A promising development is the arrival of graphene batteries. Compared to lithium-ion batteries, graphene generates way less heat while charging, and the generated heat is evenly dispersed. This allows for faster charging. Graphene batteries can also hold higher amounts of charge per weight compared to lithium-ion batteries – translation: higher capacity batteries. Once graphene batteries can be mass-produced, they could become more mainstream. If you wanna rush ahead, a company called real graphene is already producing graphene power banks. And the results look great. Their base model is capable of charging using a 60W charger and can be used to charge 3 devices at 50W. The power bank is also capable of charging devices wirelessly. The 10,000 mAh battery gets fully charged in 55 mins. And it’s not too expensive either.
Computational photography has been around for some time. While most companies add more and more camera sensors to their phones, Google’s Pixel phones beat all the other smartphone cameras using this trick. While computational photography has been around for some time in the form of beauty filters and AI selfies, Pixel’s astrophotography mode took that to a whole new level.

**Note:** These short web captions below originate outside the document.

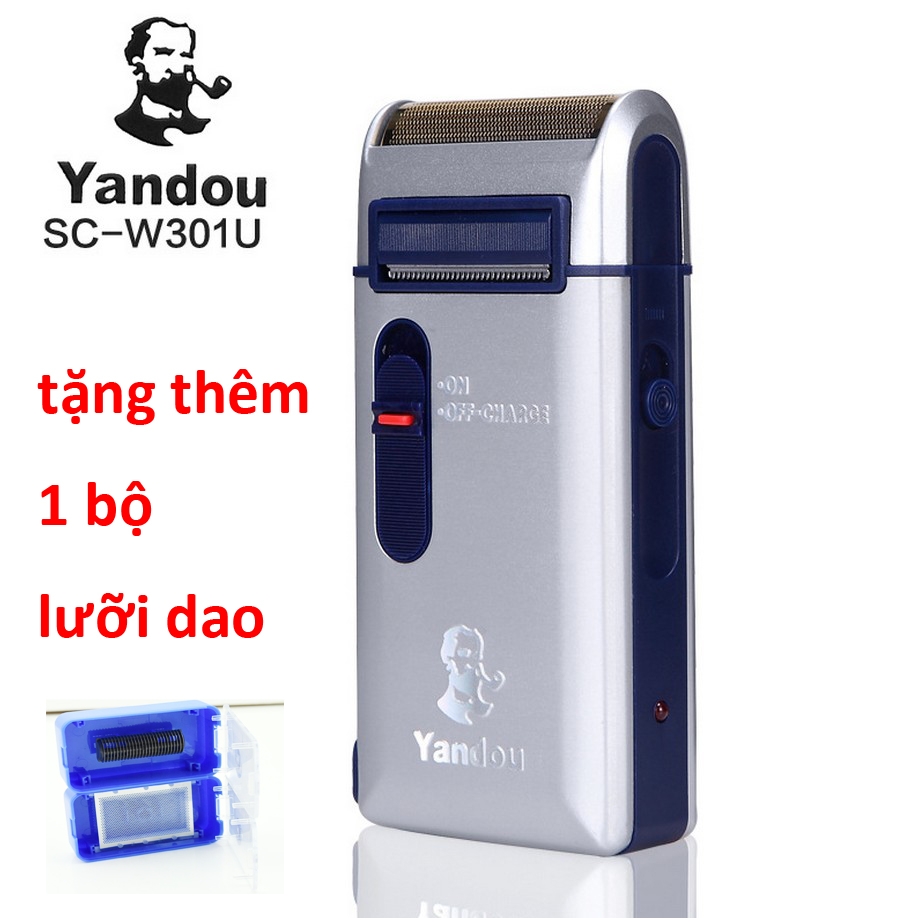 Máy cạo râu sạc điện yandou sc-w301u nhỏ gọn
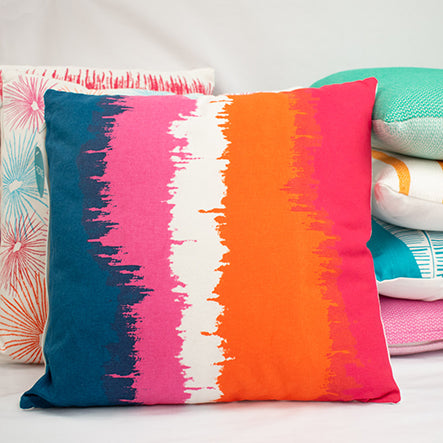 Printed Cotton Canvas Decorate Cushion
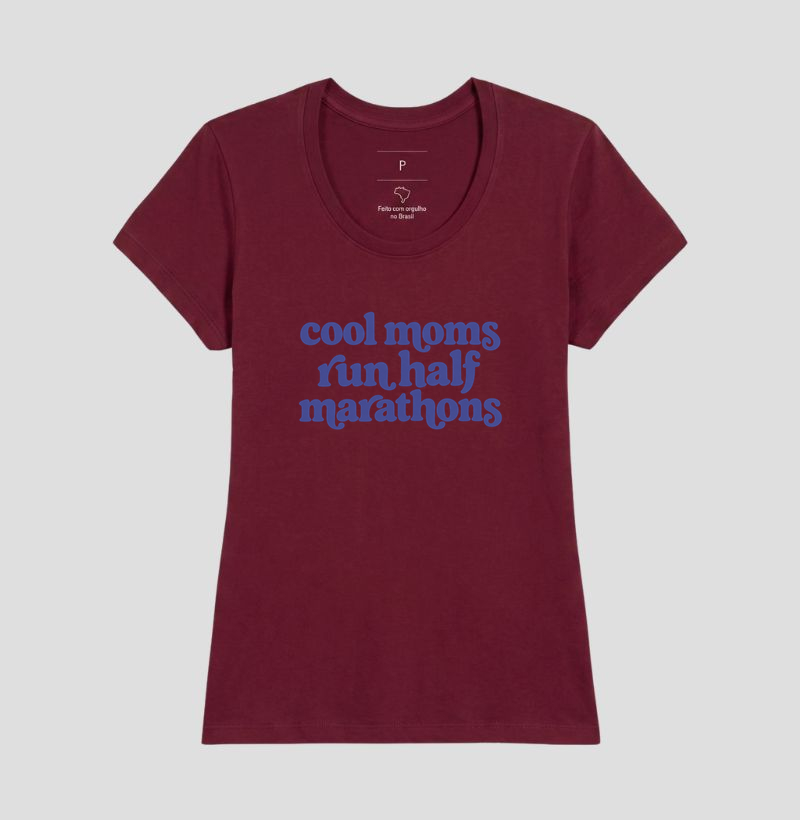 Camiseta Meia Maratona - Cool Moms Run Half Marathons - Imagem 19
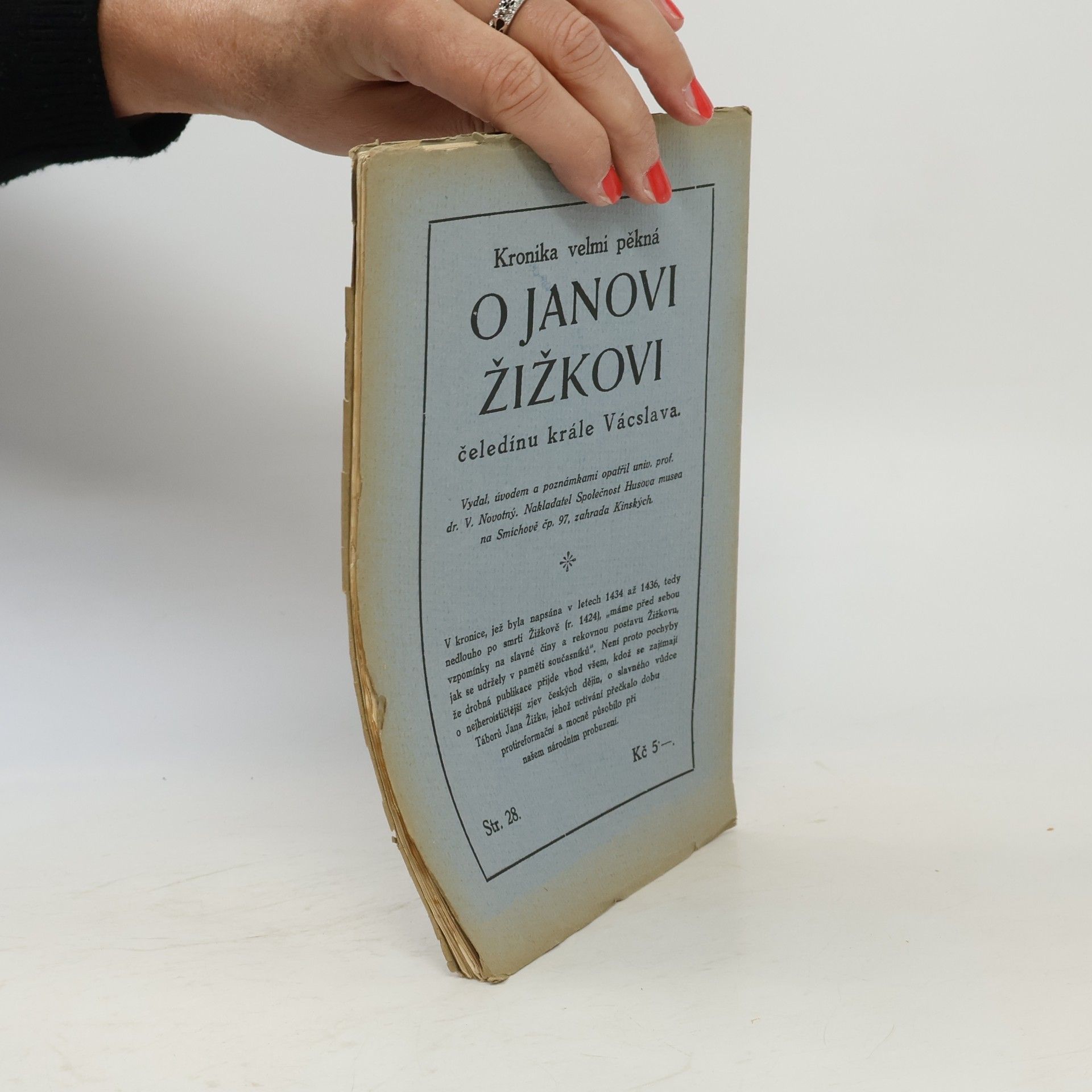Otakar Odložilík M. Štěpán z Kolína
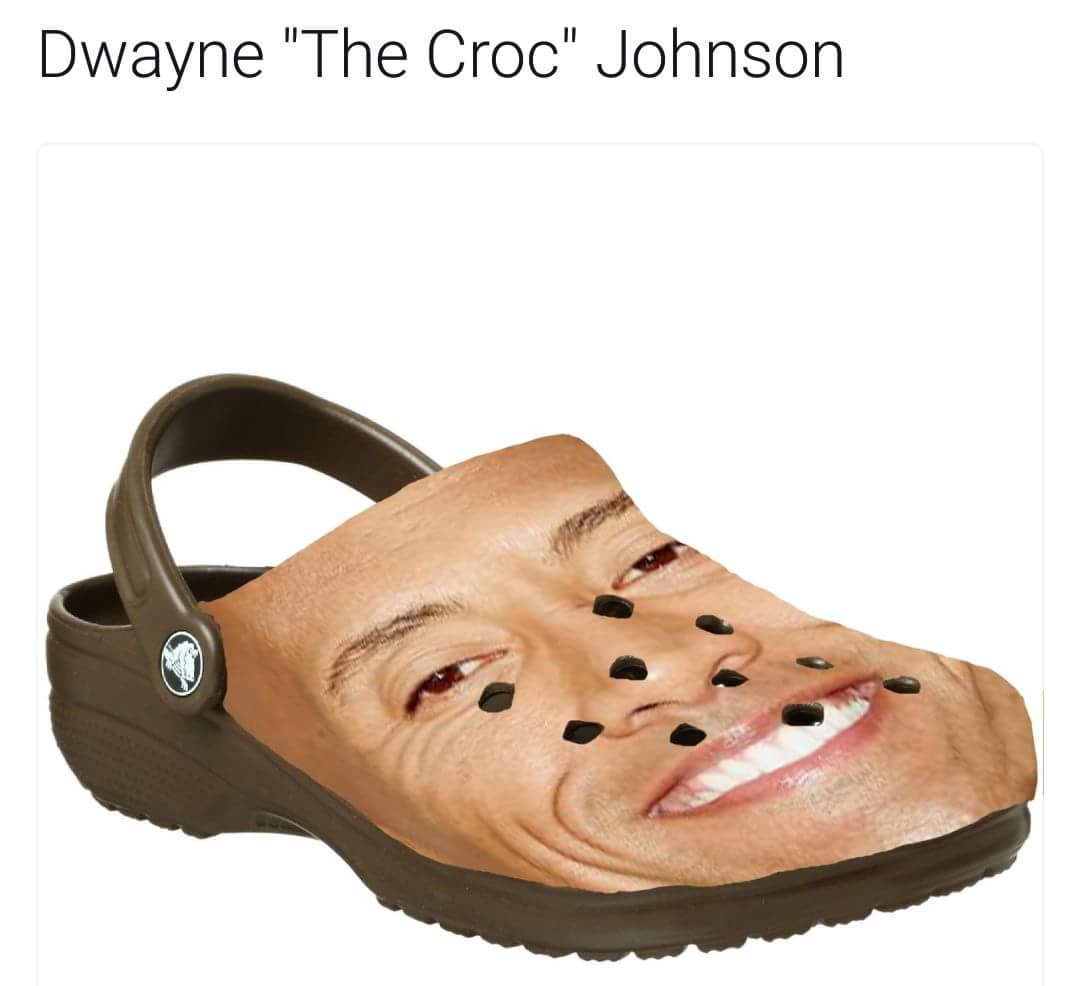 memes - dwayne the croc johnson meme - Dwayne "The Croc" Johnson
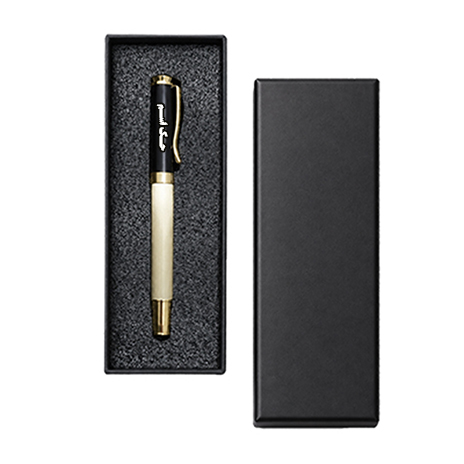 Metallic gold rollerball pen روان نویس طلایی متالیک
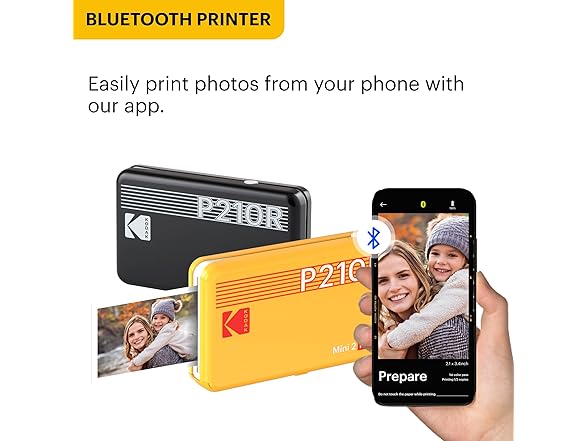 KODAK Mini 2 Retro 4PASS Portable Photo
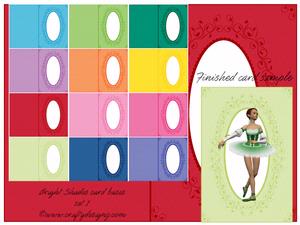 Fancy Oval Card Bases Bright Shades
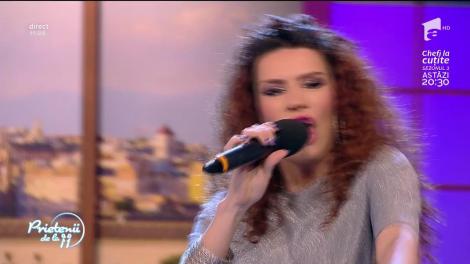 Andreea D. a încins atmosfera la "Prietenii de la 11". "Get Freaky" a adus buna-dispoziție și cheful de distracție în platou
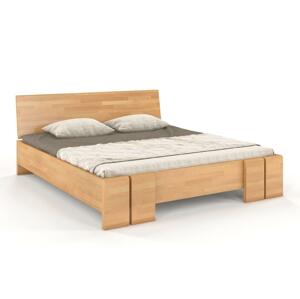 Dřevěná postel s úložným prostorem Skandica VESTRE Maxi & ST, buk (Rozměr: 180x200 cm, Barva: Přírodní)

Traditionally taking a good picture of the night sky using your phone was close to impossible. And even then it involved setting up your camera on a tripod, manually adjusting the exposure time and hope that moving clouds won’t mess up the pic. The astrophotography mode simplifies this whole process, leaving most of the process to the computer. While using the mode, the phone takes a series of photos, with exposure times up to 16 seconds and combines them to form an image. Yeah, the software can do a lot more than making you look pretty in your selfies.
The smartphone industry has undergone a series of rapid changes. I remember the initial days when smartphones were just coming up and a preliminary question upon seeing a smartphone as if it has a good touchscreen. But these days, it really looks like all manufacturers are just adding more RAM and putting in the latest chip. And of course, more camera sensors. I would love to see some innovation in this decade.